Records for this exercise:
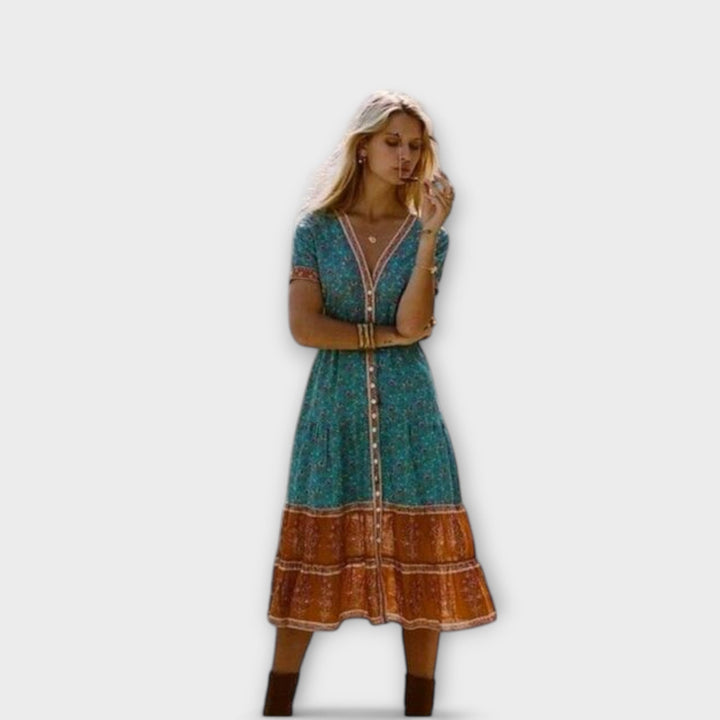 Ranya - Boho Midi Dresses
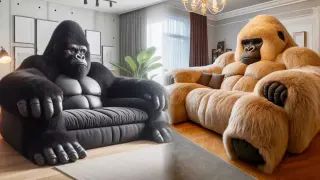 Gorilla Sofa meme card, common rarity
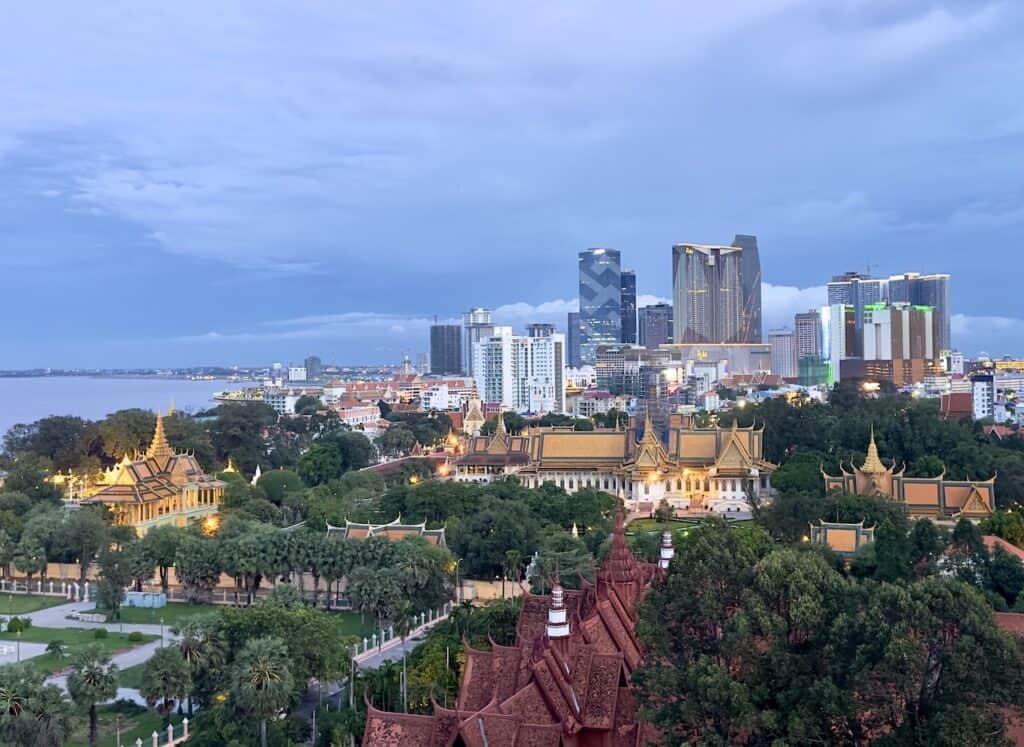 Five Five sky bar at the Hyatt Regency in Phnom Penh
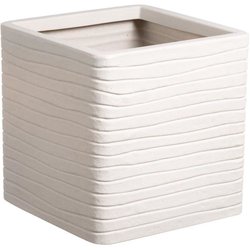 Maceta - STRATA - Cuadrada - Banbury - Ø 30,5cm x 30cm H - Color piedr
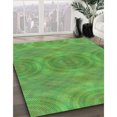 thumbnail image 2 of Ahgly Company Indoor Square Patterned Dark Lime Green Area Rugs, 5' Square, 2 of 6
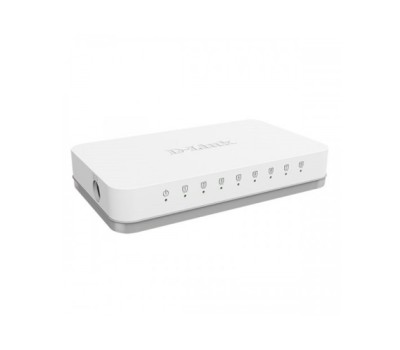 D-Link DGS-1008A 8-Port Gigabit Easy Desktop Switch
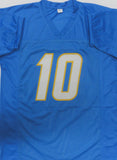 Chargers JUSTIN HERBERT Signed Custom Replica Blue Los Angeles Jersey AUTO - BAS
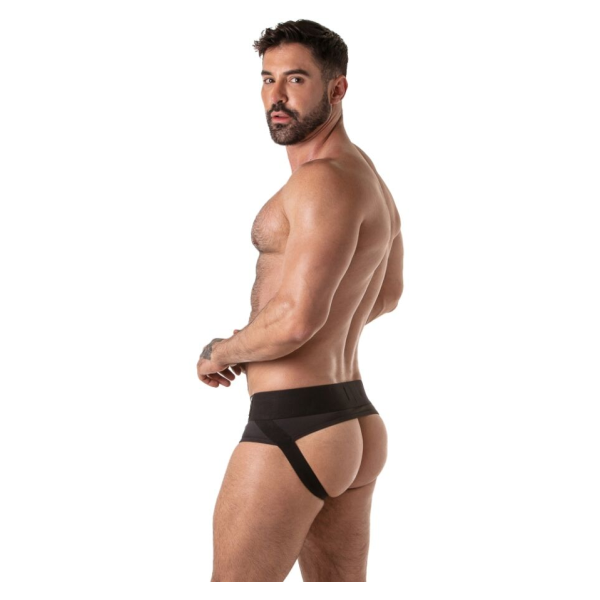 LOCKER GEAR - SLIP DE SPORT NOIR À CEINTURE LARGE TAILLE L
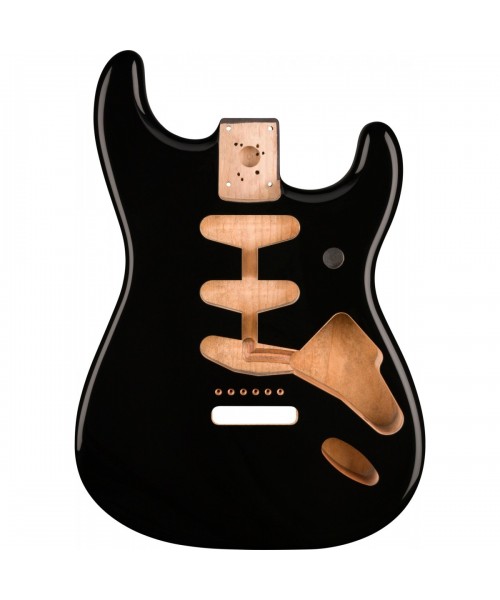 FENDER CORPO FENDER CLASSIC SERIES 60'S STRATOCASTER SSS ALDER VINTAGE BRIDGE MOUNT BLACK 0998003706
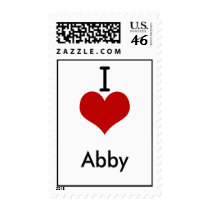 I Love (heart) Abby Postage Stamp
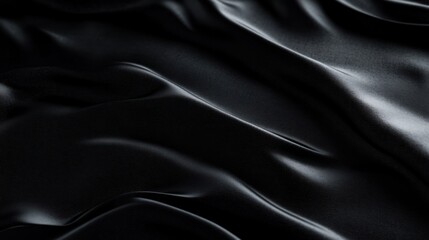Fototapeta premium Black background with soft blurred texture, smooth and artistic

Try it: Begin at the line containing "I Love (heart) Abby Postage Stamp" and stop at the last line of the data. Repeat only those lines, exactly, and leave out the pictures.

Reply to the exercise:
 I Love (heart) Abby Postage Stamp
Fototapeta premium Black background with soft blurred texture, smooth and artistic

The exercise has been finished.